So, you've graduated from college and landed a good job with a decent income? Before you go spending all of your newfound revenue on the latest fashions and newest technology, think about where you want to be financially in the next five, ten, or twenty years. Here is a list of responsible ways to use your money once you get a steady income.
Build an emergency fund. You need a savings account to cushion yourself in case of emergencies, such as loss of job, car repair, etc. Set up a separate savings account that doesn't link to your checking account and try to deposit around 5-10% of your earnings into that account each month. (If you link your savings account with your checking account, you will more than likely dip into your savings throughout the year.) The minimum amount in your emergency fund should be three to six months worth of basic living expenses.
Pay off credit cards. The average college student has around $2,000 (or more) in credit card debt by the time he or she graduates. If you made it all through college without any credit card debt, count yourself lucky. For the rest of you, focus on getting out of debt. If your income allows, try to pay at least $50 over the minimum amount due each month. If your credit card has a high interest rate, consider transferring the balance to a card with a lower rate and better terms.
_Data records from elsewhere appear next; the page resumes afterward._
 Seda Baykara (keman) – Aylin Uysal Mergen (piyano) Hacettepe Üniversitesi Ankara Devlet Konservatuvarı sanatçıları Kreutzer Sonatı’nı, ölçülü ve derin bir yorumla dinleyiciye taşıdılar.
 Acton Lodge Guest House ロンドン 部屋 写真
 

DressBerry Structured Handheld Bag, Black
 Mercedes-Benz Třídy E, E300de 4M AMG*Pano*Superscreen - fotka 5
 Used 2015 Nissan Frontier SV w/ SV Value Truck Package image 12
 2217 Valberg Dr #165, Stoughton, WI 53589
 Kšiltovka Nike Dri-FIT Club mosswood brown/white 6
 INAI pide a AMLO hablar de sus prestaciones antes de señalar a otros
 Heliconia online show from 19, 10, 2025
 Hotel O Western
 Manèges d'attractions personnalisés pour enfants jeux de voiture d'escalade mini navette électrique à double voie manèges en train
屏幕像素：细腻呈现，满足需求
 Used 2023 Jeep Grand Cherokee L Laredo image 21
Begin saving for retirement. As a new graduate, this may be low on your list of financial priorities since retirement is so far away. However, because many employers match employee contributions up to a certain percentage, you should sign up for a 401(k) or 403(b) as soon as you land a job to take advantage of that free money. Even if you don't get a match from your employer, you should still begin saving for retirement as soon as possible because now you have time on your side. The earlier you start saving, the better off you will be in the future.
Buy assets, not liabilities. Want to know how the rich get richer? They invest in assets, not liabilities. An asset makes you money. A liability costs you money. So, as soon as you can, buy a house instead of renting. Drive your car as long as you can instead of trading it in for a new one every few years. Begin saving and investing your money now. As a recent college graduate, you should start by investing in CDs or money market funds. Once you gain more knowledge about investing, you can move on to stocks and bonds. Check out this beginner's guide to investing for more information on CDs, money market funds, stocks, and bonds.
Get health insurance. Having health insurance is a wise decision. Just one accident or illness can cost thousands of dollars. Some medical bills could even cause bankruptcy if you don't have insurance. If your place of employment offers health insurance, you should sign up since group coverage is cheaper than individual plans. If that's not an option, you should purchase an individual health plan. Search around for the best quotes.
Reduce your student loan debt. On average, college students graduate with $24,000 in student loan debt. While student loan debt is considered "good debt" because it's an investment in your future, it's still debt. Take steps to reduce your student loan debt by:
Setting up electronic payment. With some loan servicers, you may be able to reduce your interest rate if you sign up for electronic debiting.
Looking into Loan Forgiveness. Under certain circumstances, the federal government will cancel all or part of an educational loan. Check with your state's Department of Higher Education for qualification details.
Making extra principal payments on your loan. If you can afford to do so, pay more than your minimum payment each month and have it applied to your principal.
Being financially responsible and saving money can be hard when you're young. Since you are enticed daily by advertisements of the latest fads, you may find it more difficult to get out of or avoid debt and build your savings. However, if you can stay strong and not spend your hard-earned money on frivolous items now, you will thank yourself later.